And, in August, the Sun Sentinel discovered that an outside consultant had found serious failures in how the district—as well as other local agencies—had handled Nikolas Cruz. According to Cruz’s mother, he had suffered from autism, attention deficit hyperactivity disorder and obsessive-compulsive disorder. Under federal disability law, Cruz was supposed to have access to the most mainstream educational environment possible. After being sent to Cross Creek, a school for students with intensive behavioral issues, in middle school, he’d done well enough to be transitioned to MSD by 10th grade. However, when he was 18, district staff had incorrectly allowed him to forfeit his disability status in order to stay at MSD, even though he’d displayed disturbing signs of needing help, including bringing dead animals and bullets to school, cutting himself and discussing suicide attempts.
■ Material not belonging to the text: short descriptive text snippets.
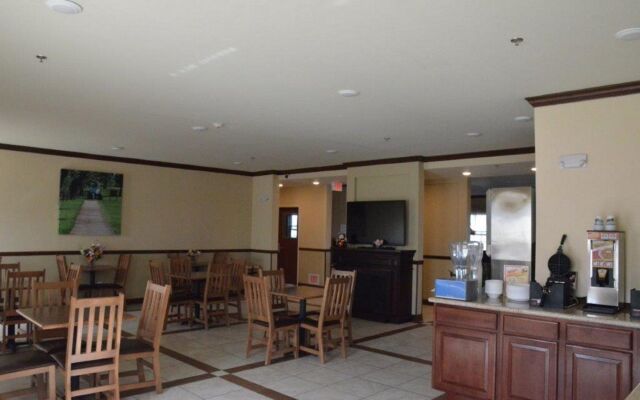 Spark by Hilton Minot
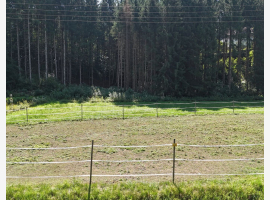 loader_gif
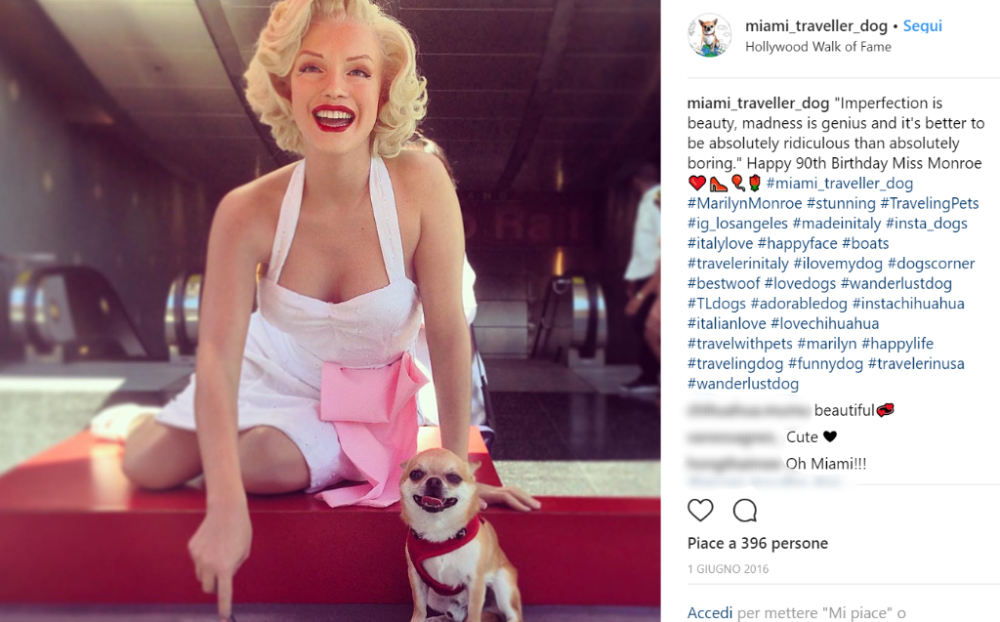 Miami è stato anche a Hollywood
In the eyes of the district, he was now a general education student and ultimately had to withdraw after failing classes. Days later, he bought the AR-15 he’d use to kill his classmates. When his mother later tried to re-enroll him in Cross Creek, the district failed to follow through.

Even MSD families who didn’t share Pollack’s politics, or his focus on PROMISE, began to join the calls for Runcie’s ouster. One of the most high-profile was Fred Guttenberg, whose 14-year-old daughter Jaime was Cruz’s second-to-last victim. Guttenberg had become a full-time advocate for gun control after Jaime’s death. He tweeted that Runcie had “lost the faith” of those he was supposed to lead and that the school board needed a “wholesale makeover.”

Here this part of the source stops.